The level of cooperation between the transition organization and the White House may be unprecedented, especially for presidents coming from different parties (and considering that Obama's entire campaign theme could basically be boiled down to, "Had enough of that other guy yet?"). Partly, that's because Obama's transition team started to plan for the changeover in August. "This is a very organized transition," said John Burke, a political science professor at the University of Vermont who studies transitions. "They were much more organized during the pre-election period than any transition that we've seen."
That planning took on greater urgency when the financial system nearly collapsed in October. "His feeling -- particularly as the fall went on and the deterioration in the economy grew -- was that there wouldn't be time to sit around, that it was going to be very important to be ready," an Obama campaign advisor said. The transition planning was cordoned off from the campaign strategy sessions, but once Obama won, it wasn't hard to start integrating the staff from the campaign with the staff that was already looking ahead to January.
If Bush wasn't the lamest of lame ducks, of course, it might be easier to manage the transition period. But since his little dance routine while waiting for McCain in March (ahead of their only lengthy joint public event together this year), the current president has been mostly missing in action. With approval ratings hovering around 25 percent, that's not entirely surprising; when only one in four Americans still likes you, how effectively could you push any agenda? But even Bush allies say he's left something of a leadership gap that Obama has little choice but to fill. "Part of the problem we've had with the financial crisis is we haven't had a visible leader of the country on economic issues for a long time," said Vin Weber, a former House member from Minnesota and now a Republican power broker who's in frequent contact with the White House. "We have not had -- in my judgment -- a national leader speaking to the economic crisis for months and months and months. Now we have a new president, and he can fill that void."

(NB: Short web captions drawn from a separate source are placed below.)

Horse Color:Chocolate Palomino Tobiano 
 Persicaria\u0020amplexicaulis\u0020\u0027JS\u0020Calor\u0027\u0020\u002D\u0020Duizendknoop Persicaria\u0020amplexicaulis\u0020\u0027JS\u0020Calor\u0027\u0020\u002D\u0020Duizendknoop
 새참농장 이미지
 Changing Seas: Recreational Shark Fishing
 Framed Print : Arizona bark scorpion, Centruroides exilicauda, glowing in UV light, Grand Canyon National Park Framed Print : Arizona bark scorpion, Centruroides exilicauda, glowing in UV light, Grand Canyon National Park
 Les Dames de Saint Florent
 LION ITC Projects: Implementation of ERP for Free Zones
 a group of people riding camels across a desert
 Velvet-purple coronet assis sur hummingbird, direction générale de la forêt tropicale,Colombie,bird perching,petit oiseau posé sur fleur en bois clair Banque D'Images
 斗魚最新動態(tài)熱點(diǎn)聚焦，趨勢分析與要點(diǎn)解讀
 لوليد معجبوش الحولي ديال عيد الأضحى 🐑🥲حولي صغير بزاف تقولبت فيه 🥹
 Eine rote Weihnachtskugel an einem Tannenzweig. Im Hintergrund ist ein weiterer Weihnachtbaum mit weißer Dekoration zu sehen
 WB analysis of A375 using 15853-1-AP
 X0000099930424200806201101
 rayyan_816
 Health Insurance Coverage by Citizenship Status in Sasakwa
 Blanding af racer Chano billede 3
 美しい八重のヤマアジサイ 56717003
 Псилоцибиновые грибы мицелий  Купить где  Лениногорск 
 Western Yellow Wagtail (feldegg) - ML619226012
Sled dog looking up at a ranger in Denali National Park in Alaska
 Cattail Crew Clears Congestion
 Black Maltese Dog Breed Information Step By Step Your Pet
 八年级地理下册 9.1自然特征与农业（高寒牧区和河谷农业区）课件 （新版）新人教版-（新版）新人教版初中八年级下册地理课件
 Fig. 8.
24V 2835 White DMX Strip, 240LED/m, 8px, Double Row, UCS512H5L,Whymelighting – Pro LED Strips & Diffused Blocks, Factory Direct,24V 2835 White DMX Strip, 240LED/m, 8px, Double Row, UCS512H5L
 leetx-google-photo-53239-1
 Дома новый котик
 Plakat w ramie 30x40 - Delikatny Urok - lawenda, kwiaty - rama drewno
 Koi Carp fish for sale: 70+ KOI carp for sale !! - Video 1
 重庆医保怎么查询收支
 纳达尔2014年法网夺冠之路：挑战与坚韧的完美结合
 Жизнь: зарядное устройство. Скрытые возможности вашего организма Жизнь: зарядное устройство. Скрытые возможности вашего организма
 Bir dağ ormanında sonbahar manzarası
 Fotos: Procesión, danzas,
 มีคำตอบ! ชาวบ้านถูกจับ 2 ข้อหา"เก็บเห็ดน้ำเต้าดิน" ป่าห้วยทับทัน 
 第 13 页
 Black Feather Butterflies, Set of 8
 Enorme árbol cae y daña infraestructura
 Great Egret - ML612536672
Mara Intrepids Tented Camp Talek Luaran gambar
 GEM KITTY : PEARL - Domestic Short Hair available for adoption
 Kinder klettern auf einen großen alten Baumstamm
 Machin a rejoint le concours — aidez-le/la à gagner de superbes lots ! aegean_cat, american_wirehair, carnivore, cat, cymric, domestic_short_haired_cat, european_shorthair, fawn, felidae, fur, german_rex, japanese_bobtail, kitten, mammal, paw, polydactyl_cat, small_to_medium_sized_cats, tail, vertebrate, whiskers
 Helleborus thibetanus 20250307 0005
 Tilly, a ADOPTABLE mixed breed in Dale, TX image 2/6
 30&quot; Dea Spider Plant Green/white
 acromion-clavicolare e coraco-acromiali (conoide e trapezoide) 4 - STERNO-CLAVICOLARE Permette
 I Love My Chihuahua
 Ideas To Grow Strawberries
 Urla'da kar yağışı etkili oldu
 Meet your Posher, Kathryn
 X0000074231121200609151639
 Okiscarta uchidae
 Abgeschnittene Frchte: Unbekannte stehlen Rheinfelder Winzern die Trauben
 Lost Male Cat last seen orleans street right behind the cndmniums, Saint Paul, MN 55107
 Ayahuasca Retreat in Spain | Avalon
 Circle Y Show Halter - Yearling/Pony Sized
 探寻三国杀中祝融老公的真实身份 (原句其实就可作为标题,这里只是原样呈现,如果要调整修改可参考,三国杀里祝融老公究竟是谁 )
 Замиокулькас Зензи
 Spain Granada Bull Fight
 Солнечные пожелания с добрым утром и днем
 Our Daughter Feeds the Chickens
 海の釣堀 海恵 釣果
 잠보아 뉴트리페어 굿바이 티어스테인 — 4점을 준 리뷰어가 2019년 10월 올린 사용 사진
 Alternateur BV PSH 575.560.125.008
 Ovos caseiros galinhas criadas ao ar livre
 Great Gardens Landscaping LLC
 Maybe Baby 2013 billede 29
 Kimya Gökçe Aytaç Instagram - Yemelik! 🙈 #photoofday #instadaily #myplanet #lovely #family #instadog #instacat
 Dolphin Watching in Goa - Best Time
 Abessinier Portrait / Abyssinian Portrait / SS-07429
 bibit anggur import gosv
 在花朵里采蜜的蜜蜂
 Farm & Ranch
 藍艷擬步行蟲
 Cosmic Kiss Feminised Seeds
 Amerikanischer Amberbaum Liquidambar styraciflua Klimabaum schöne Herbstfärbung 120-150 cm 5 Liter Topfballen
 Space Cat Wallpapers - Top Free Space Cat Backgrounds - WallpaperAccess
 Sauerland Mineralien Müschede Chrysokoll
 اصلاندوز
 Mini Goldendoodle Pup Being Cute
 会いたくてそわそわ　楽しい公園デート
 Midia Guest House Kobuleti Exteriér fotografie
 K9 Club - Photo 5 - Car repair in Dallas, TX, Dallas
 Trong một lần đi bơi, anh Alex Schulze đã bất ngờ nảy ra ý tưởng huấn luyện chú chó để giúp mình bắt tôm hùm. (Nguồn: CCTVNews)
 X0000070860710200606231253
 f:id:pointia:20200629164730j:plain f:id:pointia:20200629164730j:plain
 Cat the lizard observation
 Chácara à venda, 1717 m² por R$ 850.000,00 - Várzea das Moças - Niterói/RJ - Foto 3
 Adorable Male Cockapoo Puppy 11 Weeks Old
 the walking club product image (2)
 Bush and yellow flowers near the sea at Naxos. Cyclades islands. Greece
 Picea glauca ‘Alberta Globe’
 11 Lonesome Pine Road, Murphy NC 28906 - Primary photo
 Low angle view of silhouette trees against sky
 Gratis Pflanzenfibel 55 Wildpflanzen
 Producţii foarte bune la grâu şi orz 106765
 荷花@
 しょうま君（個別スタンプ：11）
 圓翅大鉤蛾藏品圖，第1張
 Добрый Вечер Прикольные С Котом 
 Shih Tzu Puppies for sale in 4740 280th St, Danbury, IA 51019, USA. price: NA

And at some level, even Bush's own aides may realize that. Weber said administration officials quickly got over an initial dust-up over leaks from the Obama team after the 43rd and 44th presidents met two weeks ago. Now the White House staff is "by and large very impressed" by the Obama transition operation, he said. (Thanks to a relatively orderly election, it's light-years ahead of Bush's own transition -- by this time in 2000, the Supreme Court hadn't even made Bush president-elect yet.) Obama aides say the same thing about the cooperation they're getting from Bush officials.
Of course, eight years is a long time for any president to stick around, even popular ones. But these past eight years have left most Americans with a particular urge to move on. "That sense of impatience on the part of everybody -- it's very strong this time," the Obama campaign advisor said. Fortunately, there are only 55 days left to wait for a change. And both Bush and Obama seem to be doing whatever they can to speed things along.